Comment by tsimionescu

1 month ago

And if you have only the first line, what will happen if someone sends a request to the NAT's external IP on some random port?

Without at least some filtering a Gateway NAT appliance is vulnerable to:

* LAN IP address spoofing from the WAN

* Potential for misconfigured "internal" daemons to accept WAN traffic (listening on 0.0.0.0 instead of the LAN or localhost)

* Reflection amplification attacks

  • LAN IP address spoofing is indeed a valid attack vector, if the ISP is compromised.

    Internal daemons on machines other than the router itself in the LAN network listening on 0.0.0.0 are not insecure (unless you have the problem from point 1, malicious/compromised ISP). The router won't route packets with IPs that are not in its LAN to them. Of course, the router itself could be compromised if it accidentally listens on 0.0.0.0 and accepts malicious packets.

    Not sure what you mean by reflection amplification attacks, but unless they are attacking the router itself, or they are arriving on WAN with LAN IPs (again, compromised/malicious ISP), I don't see how they would reach LAN machines.

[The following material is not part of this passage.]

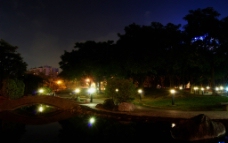 台北公园 公园一角 拱桥 入夜图片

    • You do not need compromised ISP for spoofed LAN IP traffic, the attack could came from other clients on the same WAN segment.

Whichever machine has the NAT's external IP assigned to it will accept or refuse the connection, depending on whether they have a server running on that port or not.

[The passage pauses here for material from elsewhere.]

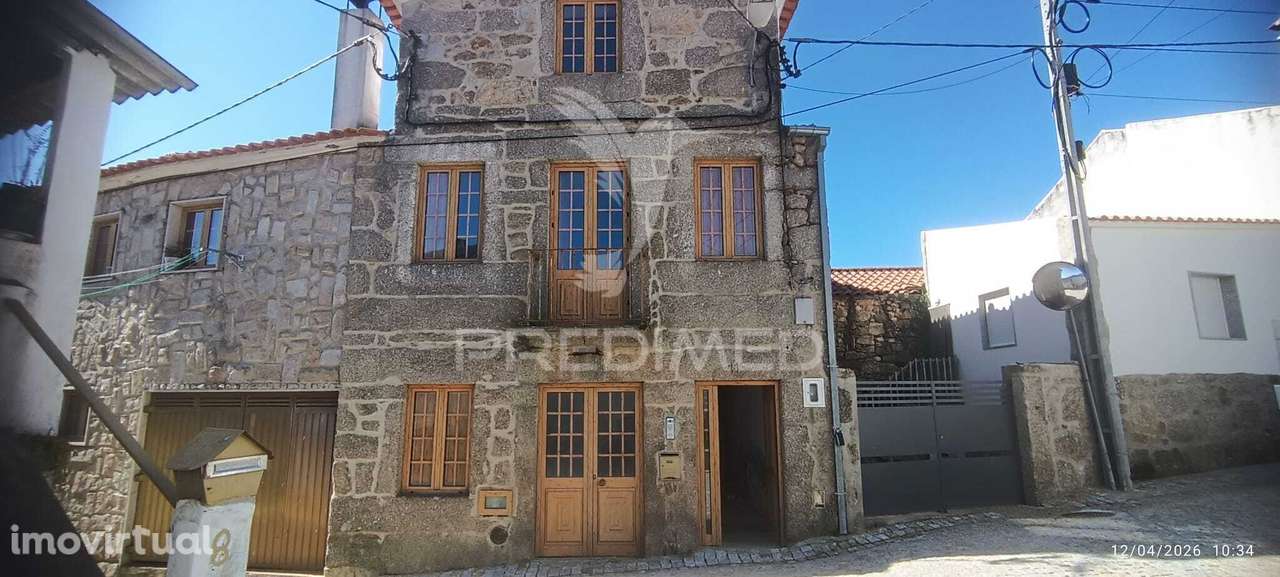 Moradia com 3 pisos - Grande imagem: 4/32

  • The machine that has the NAT's external IP to it is, well, the NAT, by definition. So you admit that the NAT box will act almost exactly like a connection tracking firewall, even if only NAT is enabled.

    • No, I'm not going to "admit" that, because I know full well that it won't.

      It's not like I'm sat here thinking "I know it does block traffic, but I'm going to lie to everyone that it won't". NAT in fact, actually, really and honestly, doesn't block traffic, and I think I've been pretty consistent in saying as much.